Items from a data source
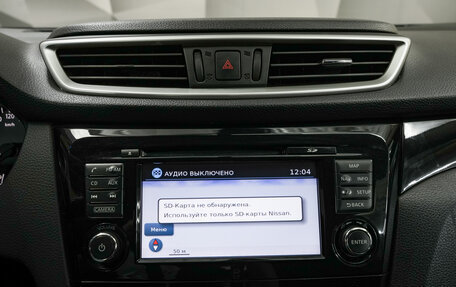 Nissan Qashqai, 2014 год, 1 499 000 рублей, 19 фотография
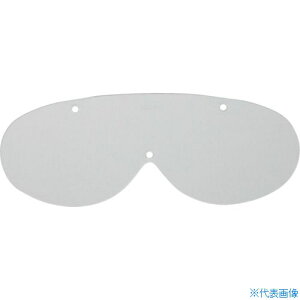 YAMAMOTO SO^ی߂ NO.900V ~XgXpXyAY NO.900VMSP(8599558)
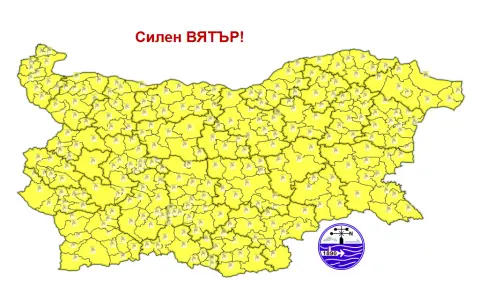 Опасно силен вятър в цяла България утре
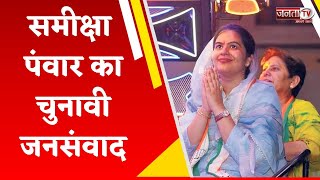 समीक्षा पंवार का चुनावी जनसंवाद, Surender Panwar के पक्ष में मांग रही वोट || Haryana Election 2024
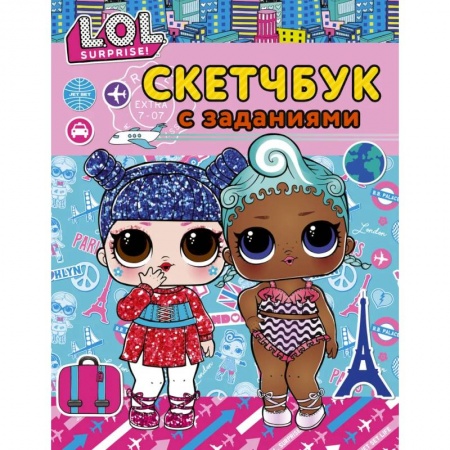 Рисование, книга L.O.L. Surprise! Скетчбук с заданиями купить по низкой цене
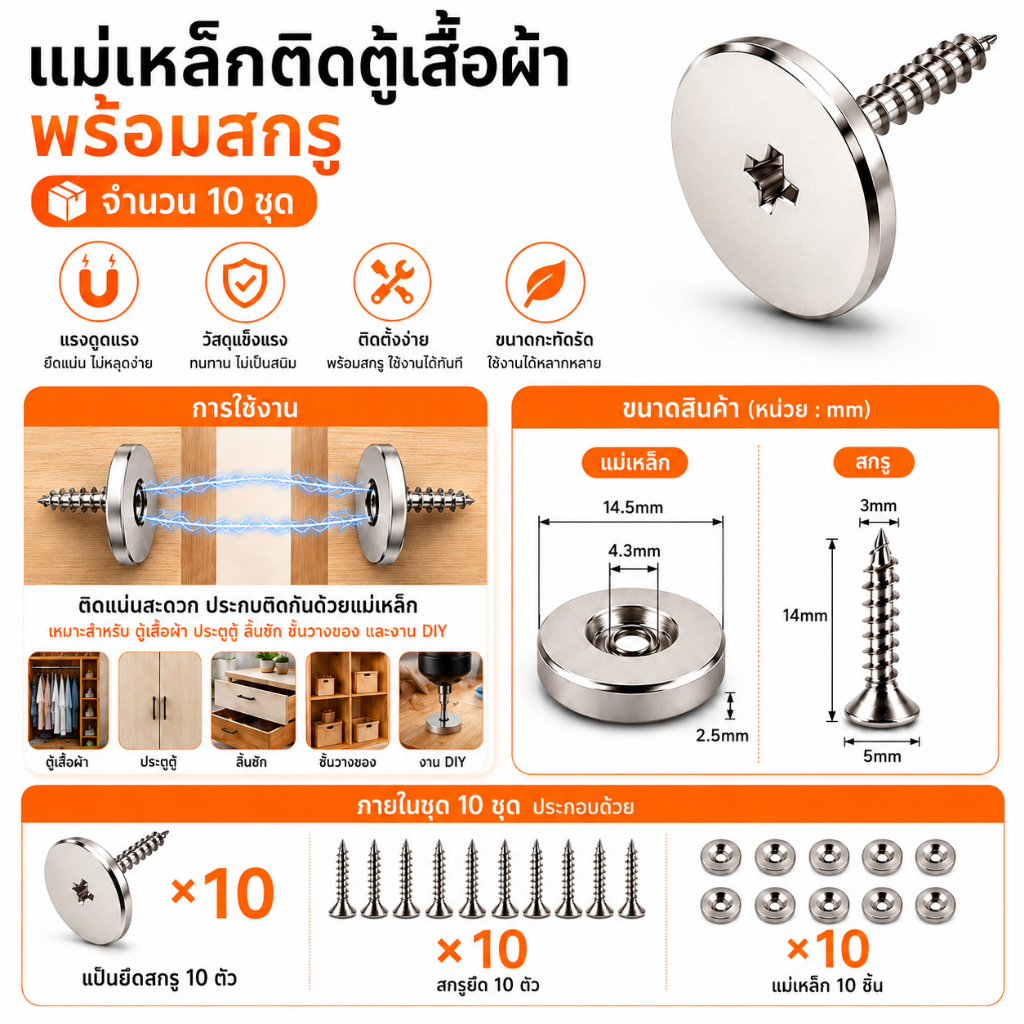 แม่เหล็กติดตู้เสื้อผ้า พร้อมสกรู 10 ชุด แม่เหล็กยึดประตูตู้ แม่เหล็กจับบานตู้ สำหรับงานไม้ งาน DIY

Task statement :: What is needed is an exact transcription of the lines from the one holding "YAMAMOTO SO^ی߂ NO.900V" to the end of the data, with every picture left out.

Output ::
 YAMAMOTO SO^ی߂ NO.900V ~XgXpXyAY NO.900VMSP(8599558)
 Опасно силен вятър в цяла България утре
 समीक्षा पंवार का चुनावी जनसंवाद, Surender Panwar के पक्ष में मांग रही वोट || Haryana Election 2024
 Рисование, книга L.O.L. Surprise! Скетчбук с заданиями купить по низкой цене
 แม่เหล็กติดตู้เสื้อผ้า พร้อมสกรู 10 ชุด แม่เหล็กยึดประตูตู้ แม่เหล็กจับบานตู้ สำหรับงานไม้ งาน DIY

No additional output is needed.